On 19.08.25 15:41, Nico Pache wrote:
The following series provides khugepaged with the capability to collapse
anonymous memory regions to mTHPs.
To achieve this we generalize the khugepaged functions to no longer depend
on PMD_ORDER. Then during the PMD scan, we use a bitmap to track chunks of
pages (defined by KHUGEPAGED_MTHP_MIN_ORDER) that are utilized. After the
PMD scan is done, we do binary recursion on the bitmap to find the optimal
mTHP sizes for the PMD range. The restriction on max_ptes_none is removed
during the scan, to make sure we account for the whole PMD range. When no
mTHP size is enabled, the legacy behavior of khugepaged is maintained.
max_ptes_none will be scaled by the attempted collapse order to determine
how full a mTHP must be to be eligible for the collapse to occur. If a
mTHP collapse is attempted, but contains swapped out, or shared pages, we
don't perform the collapse. It is now also possible to collapse to mTHPs
without requiring the PMD THP size to be enabled.
With the default max_ptes_none=511, the code should keep its most of its
original behavior. When enabling multiple adjacent (m)THP sizes we need to
set max_ptes_none<=255. With max_ptes_none > HPAGE_PMD_NR/2 you will
experience collapse "creep" and constantly promote mTHPs to the next
available size. This is due the fact that a collapse will introduce at
least 2x the number of pages, and on a future scan will satisfy the
promotion condition once again.
Patch 1: Refactor/rename hpage_collapse
Patch 2: Some refactoring to combine madvise_collapse and khugepaged
Patch 3-5: Generalize khugepaged functions for arbitrary orders
Patch 6-8: The mTHP patches
Patch 9-10: Allow khugepaged to operate without PMD enabled
Patch 11-12: Tracing/stats
Patch 13: Documentation
Would it be feasible to start with simply not supporting the
max_pte_none parameter in the first version, just like we won't support
max_pte_swapped/max_pte_shared in the first version?
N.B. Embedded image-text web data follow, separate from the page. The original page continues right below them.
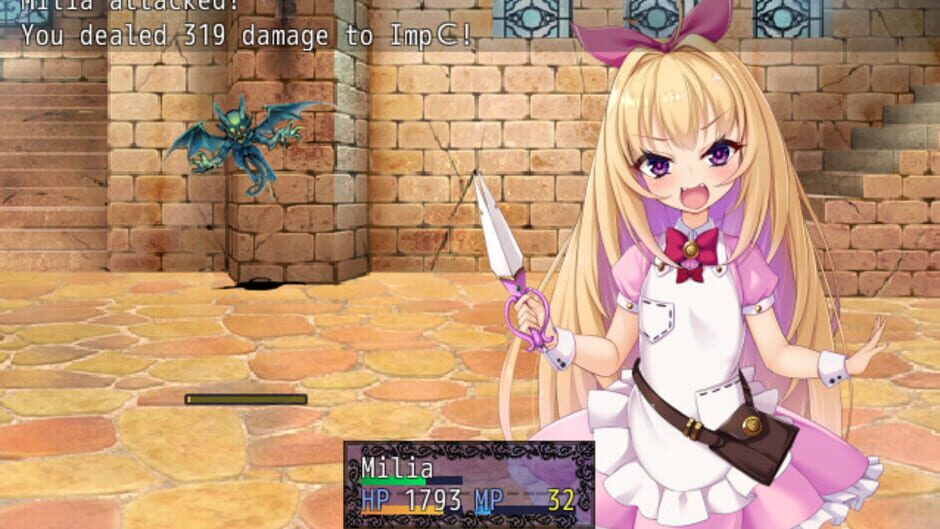 Screenshot for Brave Princess Milia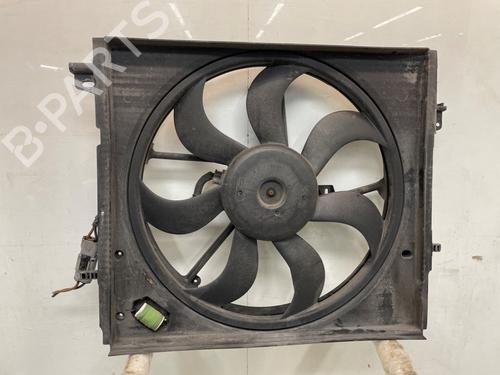 Used Radiator fan Radiator fan NISSAN QASHQAI II (J11, J11_) 1.2 DIG-T (115 hp) 31050088 31050088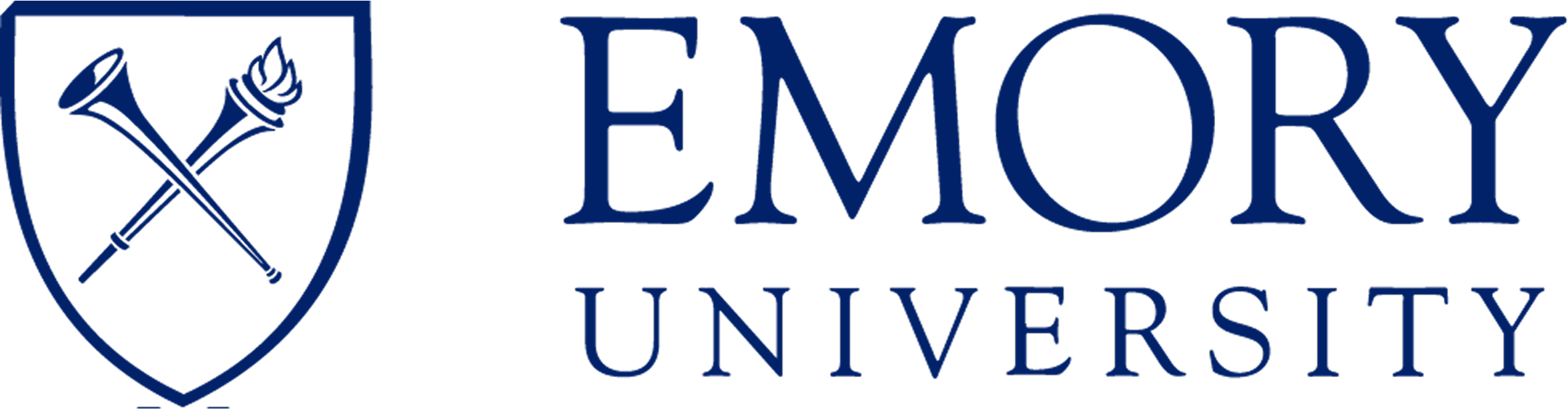 Logo of Emory University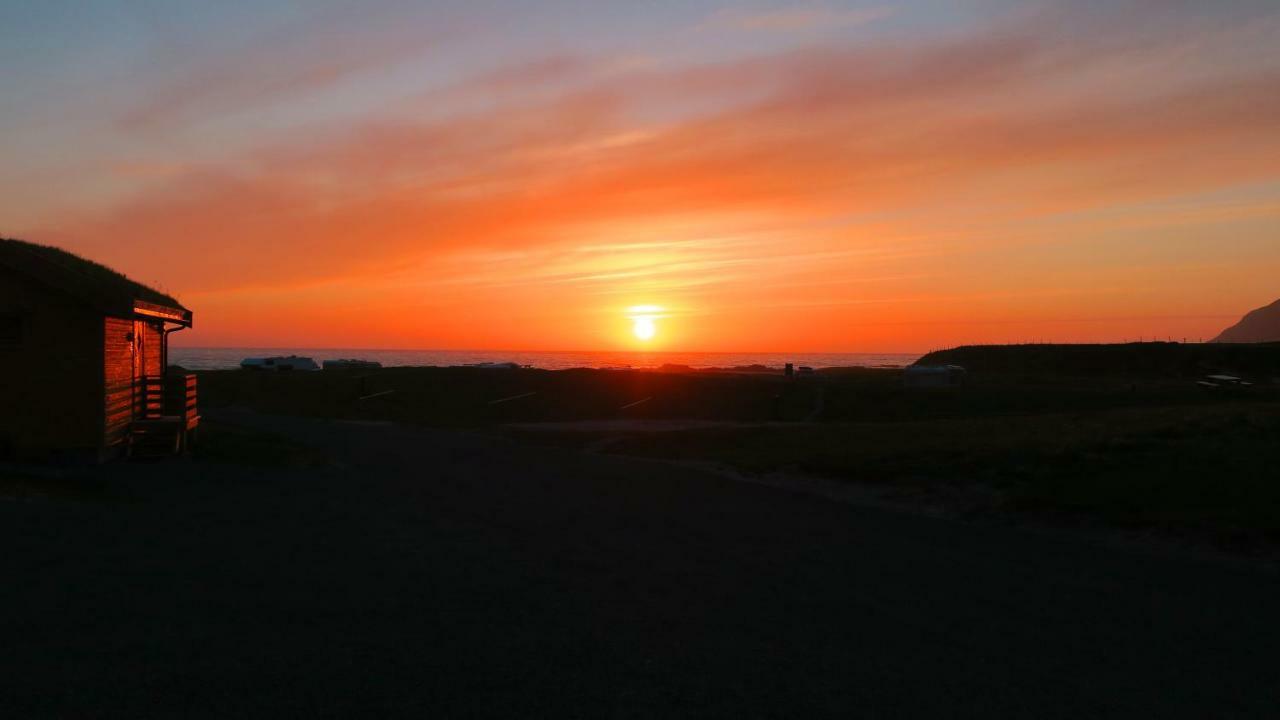 Lofoten Beach Camp Ramberg Exterior photo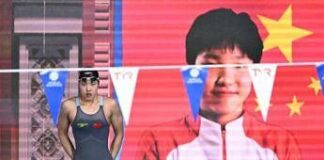 Mondiali di nuoto, la bambina prodigio cinese Yu Zidi sfiora il podio a 12 anni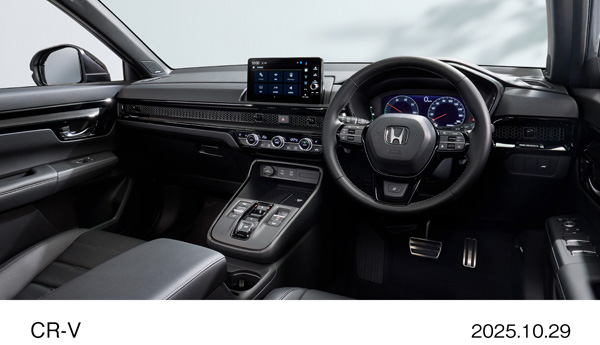 CR-V e:HEV RS BLACK EDITION　インパネ　（ブラック）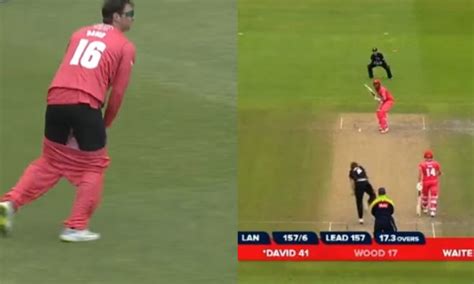 Tim David Scored 25 Ball 60 Runs In Vitality Blast Tournament Watch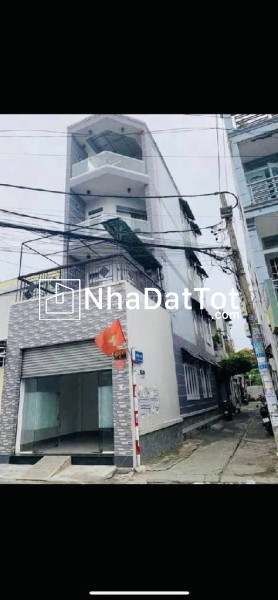 Lô góc - 2 mt sáng thoáng - ngay aeon mall - nhà đẹp 4 tầng - 60m² -nhỉnh 8 tỷ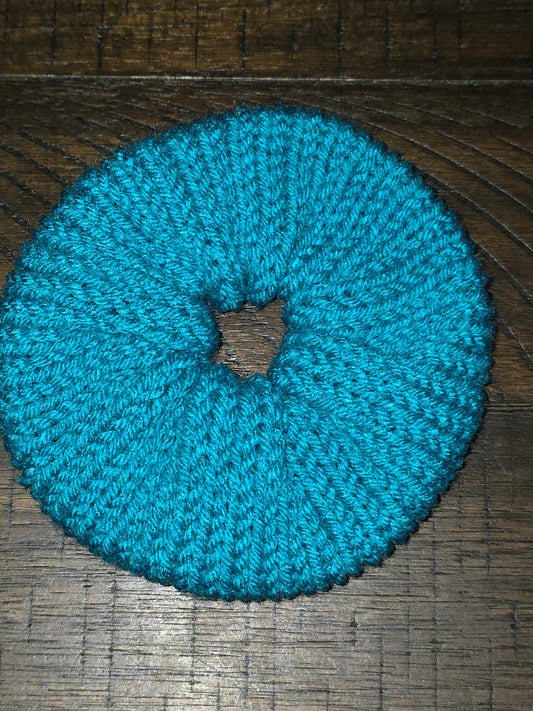 Knit Scrunchie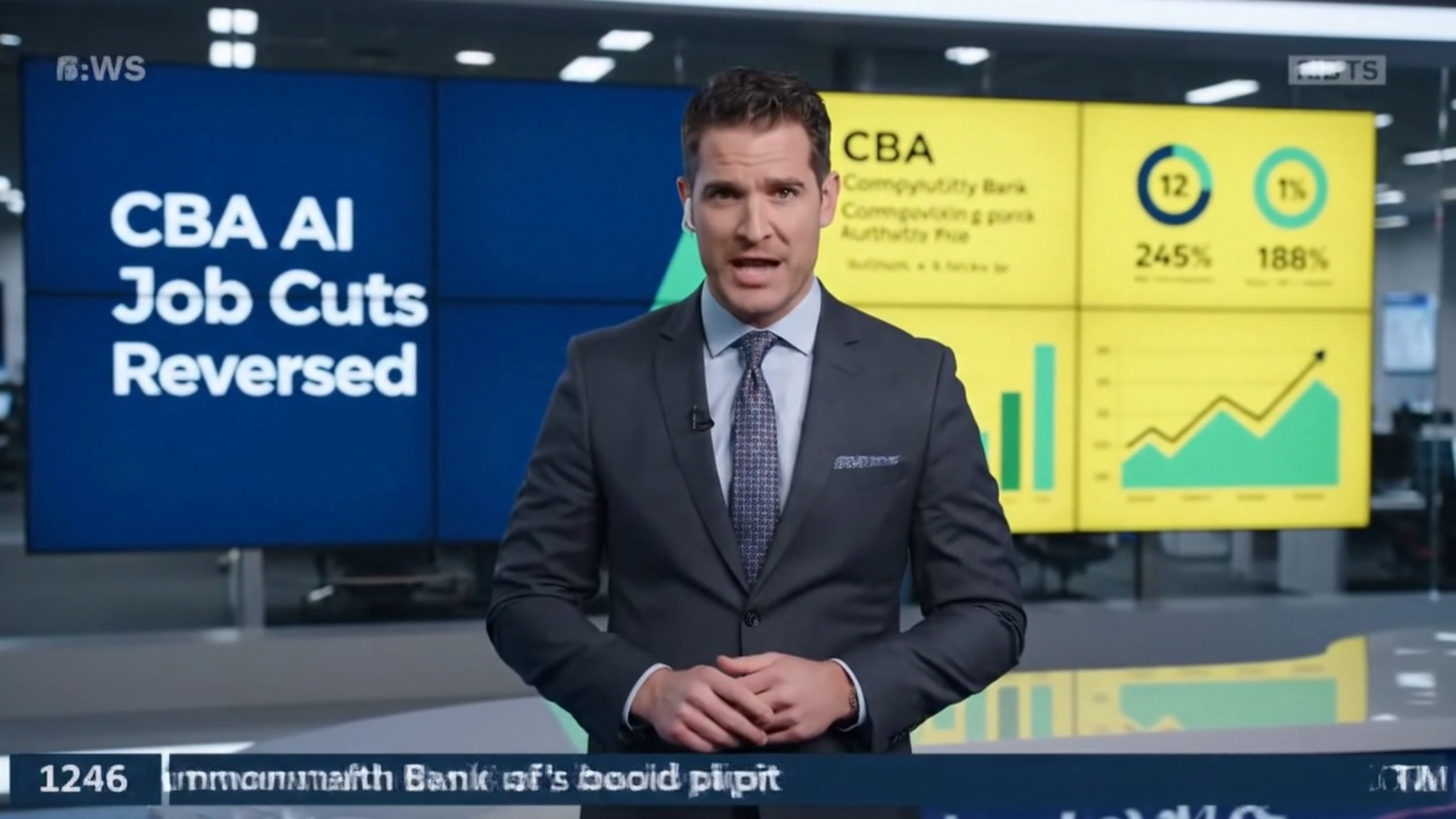 CBA Reverses AI Job Cuts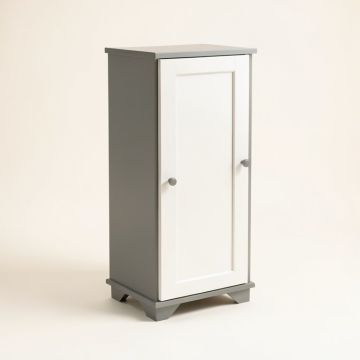 Somerset 15.75 '' W X 30.25 '' H X 11.81 '' D Free-Standing Bathroom Cabinet (synthetic illustration; no displayed measurements)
That gives us more time to think about how to use/modify the old interface.
For example, I could envision a ratio-based interface, or as discussed
with Lorenzo a simple boolean. We could make the existing max_ptes*
interface backwards compatible then.
That also gives us the opportunity to think about the creep problem
separately.
I'm sure initial mTHP collapse will be valuable even without support for
that weird set of parameters.
Would there be implementation-wise a problem?
But let me think further about the creep problem ... :/
--
Cheers
David / dhildenb